▸ Try it
What is needed is the exact text of each line in the listing below from the one with "A tourist performs morning alms in Sukothai." up to and including the one with "a woman in black", and no pictures.

▸ Input material
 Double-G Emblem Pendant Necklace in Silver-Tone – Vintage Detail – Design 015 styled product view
* * *
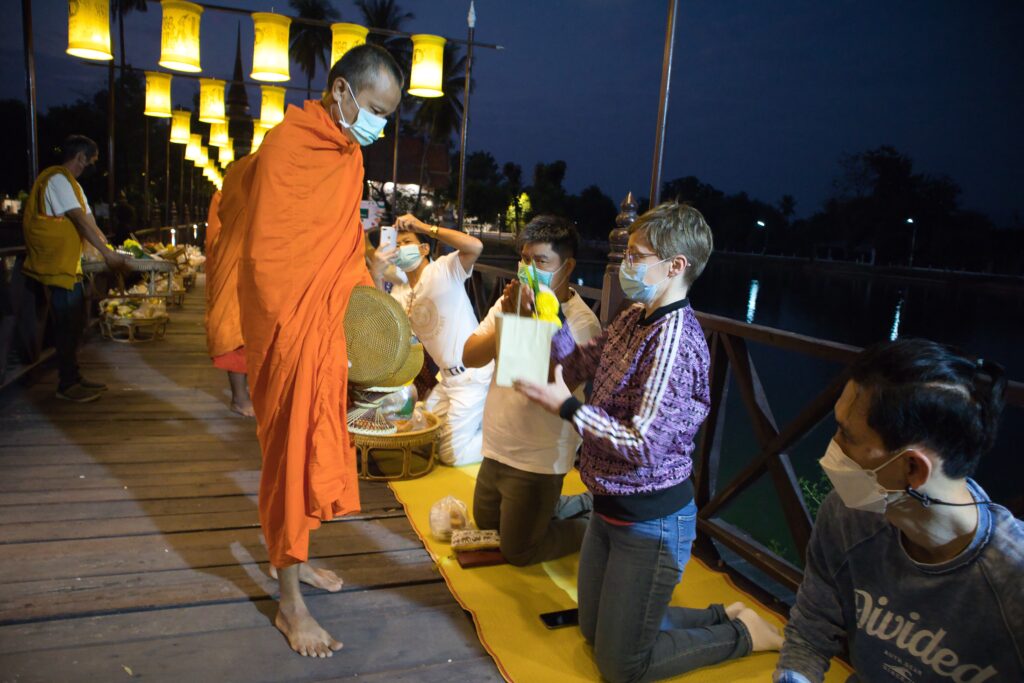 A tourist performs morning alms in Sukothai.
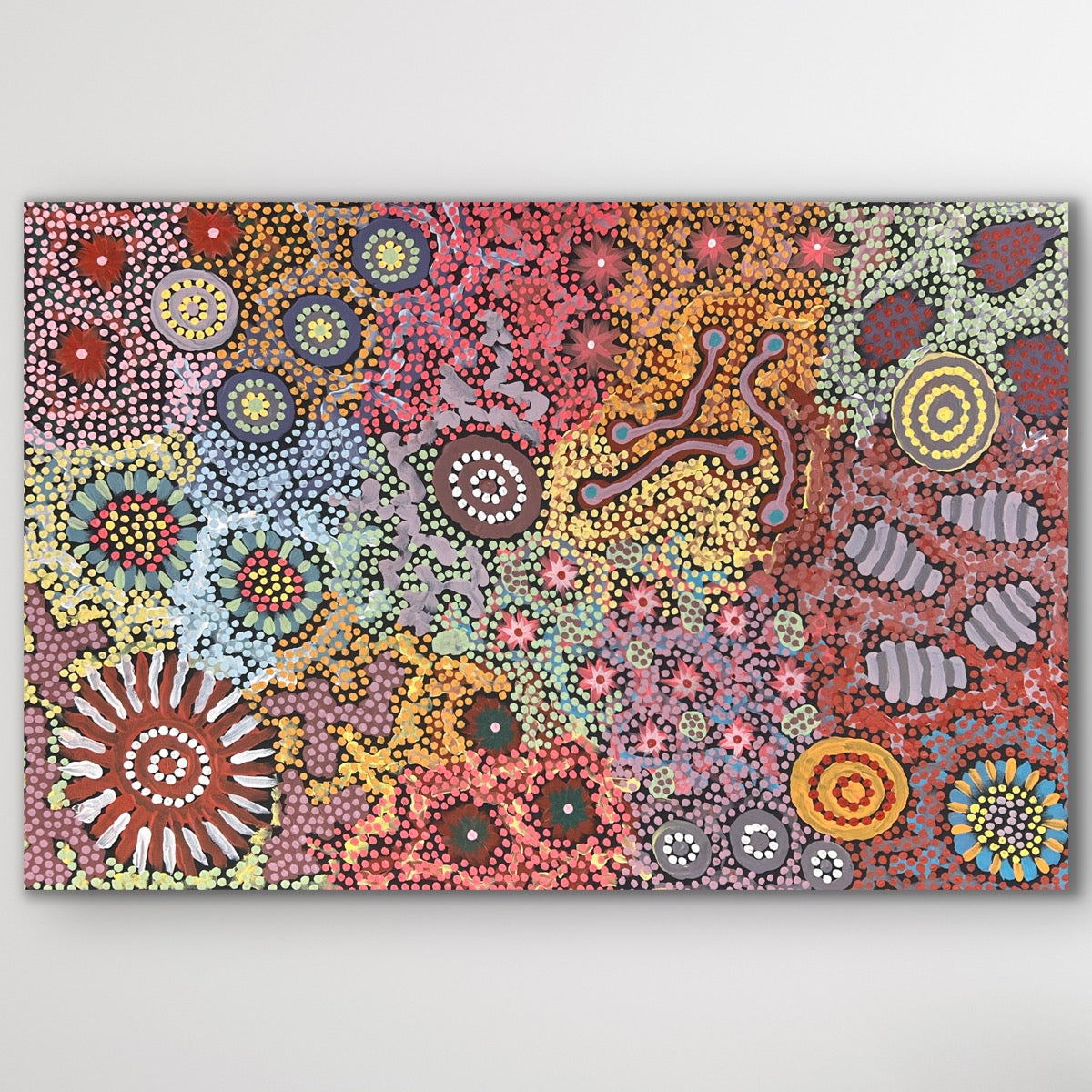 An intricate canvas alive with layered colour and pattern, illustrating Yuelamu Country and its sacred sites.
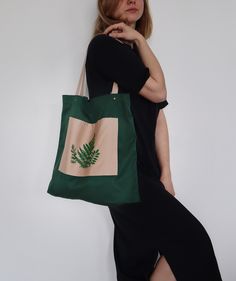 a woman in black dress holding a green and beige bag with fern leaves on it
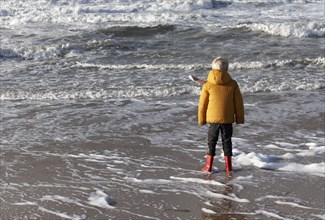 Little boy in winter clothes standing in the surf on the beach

▸ Answer box
 A tourist performs morning alms in Sukothai.
 An intricate canvas alive with layered colour and pattern, illustrating Yuelamu Country and its sacred sites.
 a woman in black dress holding a green and beige bag with fern leaves on it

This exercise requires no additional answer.